Cybercrime loss estimates about as reliable as piracy estimates - curthopkins
http://arstechnica.com/tech-policy/news/2012/04/study-shows-cybercrime-estimates-to-be-overblown.ars
======
jaylevitt
When I worked on a cybercrime startup idea in 2008-9, every single "cost of
cybercrime" calculation I found - even from government agencies - was based on
the same original, unsourced estimate from MarkMonitor, which sells various
brand protection services to IP holders (e.g. they'll watch eBay for
counterfeit auctions of Rolex watches). After a few years, MM was able to cite
the more "official" sources with a circular reference.

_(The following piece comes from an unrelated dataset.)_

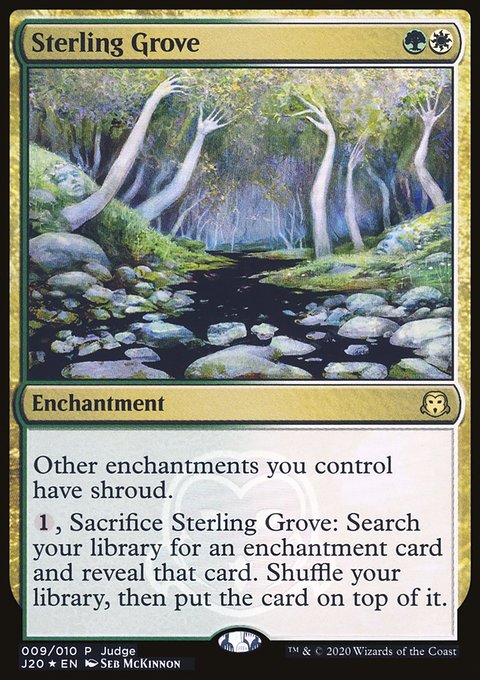 Sterling Grove, Judge Gift Cards 2020 #9, Magic: The Gathering card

There's no financial incentive for anyone to say "nah, it's not that bad".

------
CLORO
While I concur that objectivity is important, I would not completely discredit
that there are severe economic concerns with cyber crime. I've seen first hand
vast amounts of intellectual property being obtained illegally through
coercion and manipulation of private and federal systems. Working in a
position to detect and prevent you'll find often that the victims are not
aware of their losses nor the secondary conditionals that drive associated
costs. Most cyber crime in't as clearly defined as say a list of credit cards
stolen from a services provider. These are the models you can somewhat
quantify a worse case estimate for. All that's required is that you tally up
the limits on all the cards and say the potential was for x amount of monetary
loss. Is the number a realistic answer or projection? Not really, often it's
way out of touch with reality, the question then becomes how do you define
realistic loses?

It's true that there aren't models that can clearly and appropriately estimate
losses for an entity. This is due in part to the large costs that aren't a
known in that exposure of credit card numbers. Addressable's such as client
confidence, the manpower and time to disseminate information to the victims,
the time spent eradicating all flaws being levied by the actors which alone
are not inclusive of your overall downtime and even public shame, all items
hard to quantify a numerical value for. We can argue about models, but the
truth is there is never a model for every scenario. You can only go by
speculation and assumption. So it's with that understanding that I somewhat
allow an inflated estimate of real damage. If at the end of the day, the
horror stories read online push users and admins to educate themselves, even
if out of fear of overly estimated loses, I see no harm.

Personally, I fell the more appropriate response is to give clear guidance as
to how these incidents were born. It's only through proper education of users
and admins alike, that we'll be able to stymy those attempting harm.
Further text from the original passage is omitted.